Šaip Kamberi interprète la finalisation du statut du Kosovo sans émotions excessives, en observant la situation kosovare à travers le prisme des rapports interethniques au sein des trois municipalités du sud de la Serbie. Nous commençons à le questionner sur la rencontre récente des représentants politiques albanais du sud de la Serbie avec Veton Surroi à Priština.

Danas : Certaines agences de presse ont souligné que Priština, en cas de proclamation de l’indépendance du Kosovo, allait prêter « une attention particulière » aux trois municipalités majoritairement albanaises du sud de la Serbie. Qu’est-ce que cela veut dire concrètement ?

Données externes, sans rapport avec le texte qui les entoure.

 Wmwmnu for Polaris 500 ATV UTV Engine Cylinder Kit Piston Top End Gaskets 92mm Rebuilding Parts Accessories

Šaip Kamberi : La dernière réunion des leaders politiques albanais de la vallée de Preševo (Preševo, Bujanovac et Medvedja) est une de celles tenues ces dernières années avec Veton Surroi, membre de la délégation kosovare pour les négociations avec Belgrade, et responsable des questions des minorités au Kosovo. Cette réunion avait pour but d’informer les leaders politiques de ces municipalités des négociations sur le statut du Kosovo et des positions officielles de Priština concernant le droit des minorités. Je crois que nous entrons dans une période - lorsque le statut du Kosovo sera réglé - où Priština accordera plus d’attention aux Albanais de la région. Ce sera son obligation et son droit.

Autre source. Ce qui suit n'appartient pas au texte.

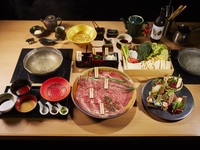 【人気】しゃぶしゃぶ九　馬刺コース　40000円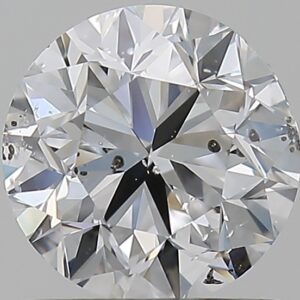 1 CT ROUND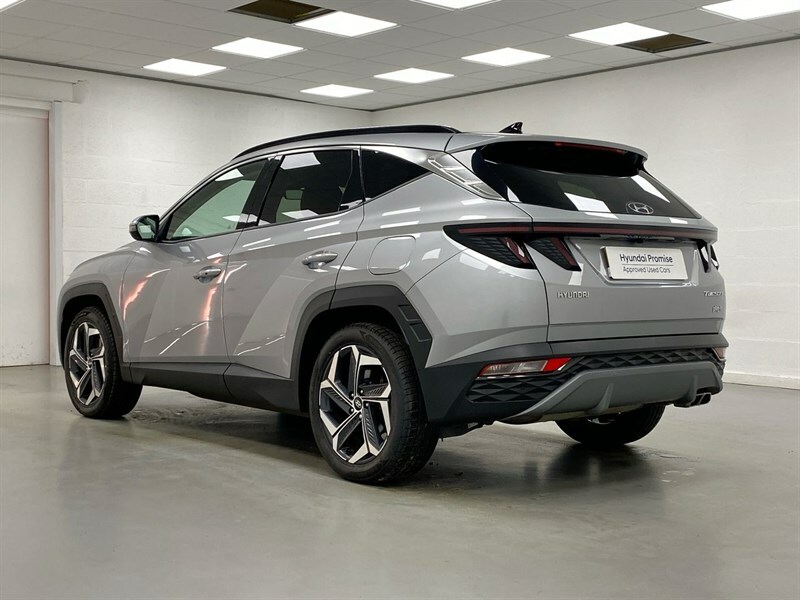 Hyundai Tucson 1.6 Tgdi Plug-in Hybrid Ultimate 4Wd AO72NBL Silver #3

D : La volonté de Priština de demander à Belgrade les mêmes droits pour les Albanais du sud de la Serbie que ceux des Serbes au Kosovo est-elle toujours d’actualité ?

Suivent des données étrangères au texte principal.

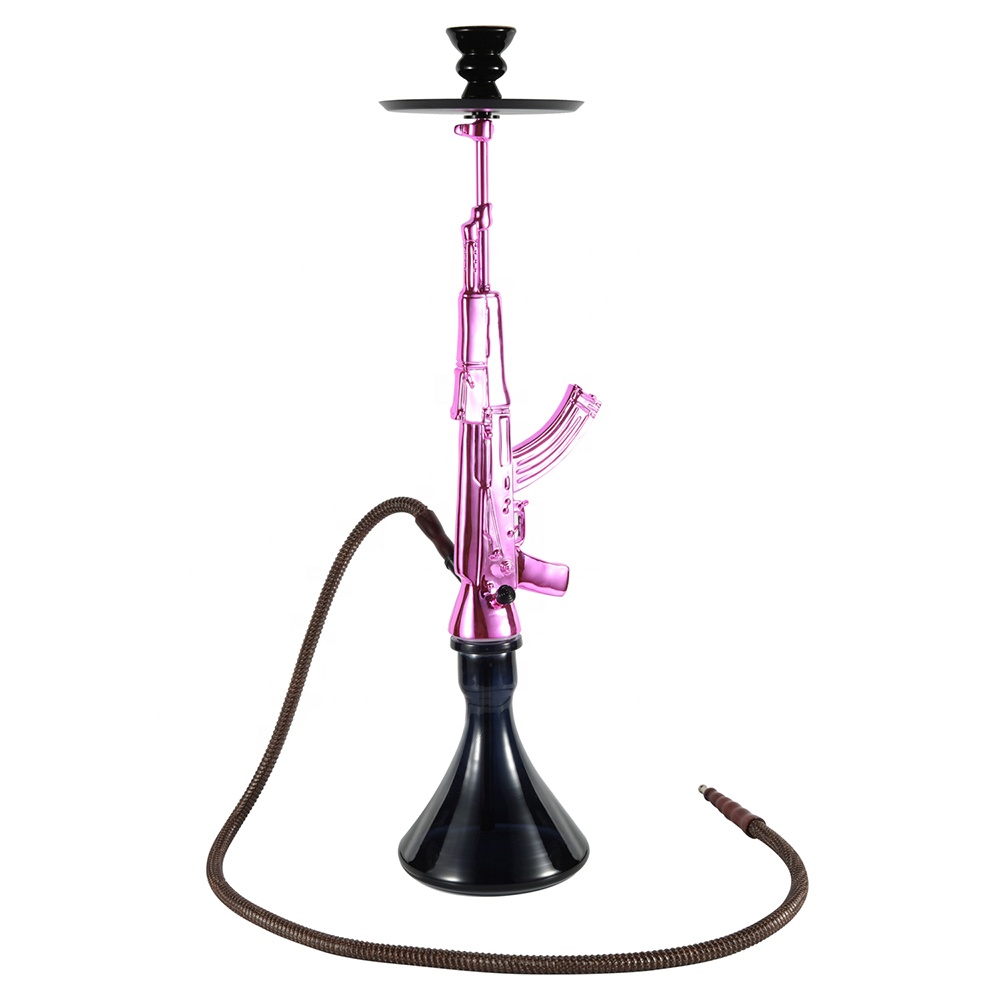 New Resin Ak47 Large Classic Narguile Hookah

S.K : Dès le début, Priština a insisté sur la standardisation des droits des minorités dans cette partie des Balkans occidentaux, à savoir que le règlement prévu par le plan d’Ahtisaari pour le droit des minorités au Kosovo soit également applicable dans la vallée de Preševo. À ce sujet, Priština, dans son projet d’accord sur les futurs rapports entre le Kosovo et la Serbie, a prévu l’application du principe de réciprocité. La position politique des Albanais de cette région a déjà été exprimée par la plateforme politique de 2006 et la déclaration de septembre 2007. Ces documents insistent sur le fait que les droits des Albanais de la vallée de Preševo doivent être les mêmes que ceux qui seront accordés aux Serbes par l’accord sur le futur statut du Kosovo.

D : Comment évaluez-vous la situation politico-sécuritaire actuelle au sud de la Serbie et craignez vous des violences après le règlement du statut du Kosovo ?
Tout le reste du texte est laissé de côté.